Power pro suggests the uni to uni splice -

http://www.powerpro.com/publish/content ... plice.html

P.S. - this will slide through your guides a lot easier than the blood knot.


----------



## Chaser (Sep 28, 2007)

Funny, the braid I used is Power Pro. I guess I should have pulled out that little piece of paper that came in the package...it probably had those same instructions. I'll keep the uni to uni in mind next time I do this. I'm not too concerned about it though, because I used the braid as a backing, just in cast I get spooled. Also so I don't have to keep putting 250 yards of fluoro on each time I re-spool. In the future I will use the right knot. I was just curious what others would suggest. Thanks for the input and links guys!


----------



## Dodger (Oct 20, 2009)

I think that will probably work. It sounds though like this might be a trolling reel given the amount of line you are putting on there. 

Braid has a nasty habit of slipping when it is tied directly to the spool. If it is too tight, it could crack or deform your spool. If it is too loose and you get into the braid backing when you are fishing, that line is going to slip, get knotted up on itself, and snap. (By slip I mean the line will rotate on the spool without the spool itself rotating). 

I know it is a huge hassle, but if I were you and I was legitimately concerned I was going to get spooled, I'd probably wind all the line off carefully and put one layer of thin kite string, cooking twine, or similar along the bottom of the spool.

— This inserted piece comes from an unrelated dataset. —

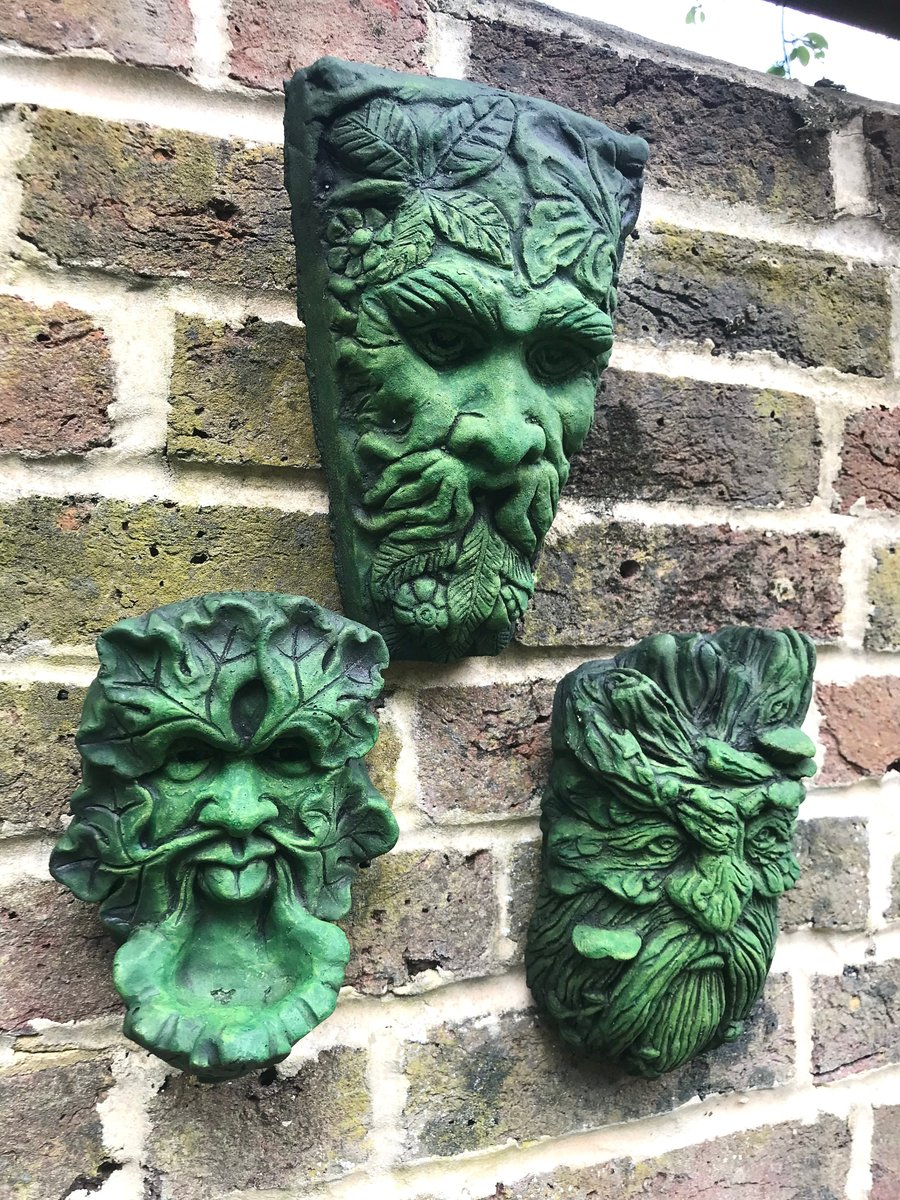 The Celtics - Set of 3 Green Man Plaques plus Free Pocket Green Man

Then wind your braid back on to the reel. 

When you're fighting the big one, you don't want to have to be worried that your equipment is going to break. If I caught a fish that was going to spool me, I wouldn't want to lose it because I didn't spool the line on in the way that would give me the best chance to bring the monster in. 

Just my $.02.


----------



## Chaser (Sep 28, 2007)

I'm not too worried about getting spooled. It has never happened to me before. ***Do you hear that, fishing gods? I just said it has never happened!*** Maybe that will help my luck. It would be a pleasure to experience such a thing, but I am incapable of catching fish like that!

No, its not a trolling reel. It is an older Abu Cardinal spinning reel. Truth be told, I have no clue exactly how much line goes on there. The side of the spool just said it held 215 (or something like that) yards of 6lb test, so its just an estimate. I just hate to throw all that fluoro on there only to throw it out each time I re-spool. This go-round, I loaded up the bottom half or so with the braid, and then finished it with 6lb fluoro. We'll see how it does.


----------



## Dodger (Oct 20, 2009)

Sounds good. If you aren't worried about getting spooled, I don't think it will be a problem. But, that may not be the best time to be tempting the fishing gods! 

Abu makes a good reel. I've got a few Avet SXs that I spooled up in June. They take something like 500 yards of 12lb test fluoro. I only loaded them with 300 yards at Sportsman's and they wanted $90 for the three reels. (I complained because the box on the wall of 300 yards only cost $10 so the whole deal should have only cost $30. They gave it to me for $30.)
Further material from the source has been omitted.